La société lyonnaise SBM développement a signé un accord avec Bayer pour reprendre ses activités Bayer Jardin en Europe et Bayer Advanced en Amérique du Nord.
Ces deux entités fournissent des engrais et produits de protection des cultures pour les jardiniers amateurs. Avec cette acquisition, dont le montant n’a pas été dévoilé, SBM fait son entrée sur le marché international et change d’envergure. L’entreprise quadruple de taille, avec un chiffre d’affaires qui passe de 70 millions d’euros à 309 millions d’euros, et se positionne comme un des leaders mondiaux dans le secteur de la jardinerie et de l’habitat. Les effectifs, actuellement constitués de 300 personnes, viendront s’étoffer de 250 salariés répartis entre 36 pays en Europe et en Amérique du Nord. Le financement est assuré par un pool bancaire, mené par Société Générale, ainsi qu’un prêt de Bpifrance. Groupe familial indépendant, SBM développement divise son activité entre la recherche et le développement de nouveaux produits, la fabrication avec deux usines basées à Bézier et Salindres, et la commercialisation via ses filiales Novajardin et CMPA. SBM développement a été conseillé en France par Jakubowicz Mallet-Guy & Associés en corporate/M&A avec Loïc Jeambrun, associé, Valérie Sauvageon, Maude Reisman et Vincent Perriolat. CMS Bureau Francis Lefebvre Lyon est intervenu en fiscal avec Delphine Martin-Picod, associée, et Marie Caloine, en droit du travail avec Guillaume Bossy, associé,́ et Aude Poirier et en droit de la propriété intellectuelle avec Jean-Guillaume Monin, associé, et Solène Vilfeu, counsel. Nabarro & Hinge a conseillé la société sur le financement avec Jonathan Nabarro et Pierre Chatelain, associés, ainsi qu’Anthony Minzière. De Pardieu Brocas Maffei a conseillé les prêteurs avec Christophe Gaillard, associé, Sébastien Boullier de Branche, counsel, et Margaux Guennec. Allen & Overy a conseillé Bayer avec, en France, Jean-Claude Rivalland et Romy Richter, associés, ainsi qu’Arnaud de Rochebrune et Jules Lecoeur en corporate, et Claire Toumieux, associée, en droit du travail.

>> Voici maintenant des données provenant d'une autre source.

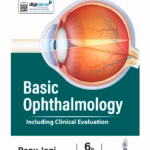Basic Ophthalmology (Including Clinical Evaluation)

Le conseil de SBM Développement : Loïc Jeambrun, associé au sein de Jakubowicz Mallet-Guy & Associés
Comment SBM Développement s’est-il positionné sur cette opération ?
Bayer Environmental Science souhaitait se recentrer sur ses métiers principaux pour les professionnels et sortir d’une activité de jardinerie amateur qui s’oriente progressivement vers des produits naturels. SBM Développement disposait de plusieurs atouts. Tout d’abord une vraie complémentarité en termes de positionnement, Bayer étant plutôt orienté sur des engrais et compléments de synthèse, et SBM sur des produits d’origine naturelle. De plus, l’entreprise dispose à la fois de capacités commerciales et industrielles. Grâce à ses usines, elle fabrique pour son compte ainsi que pour d’autres sociétés, dont d’ailleurs certains produits Bayer.
Quelles sont les particularités juridiques de cette transaction ?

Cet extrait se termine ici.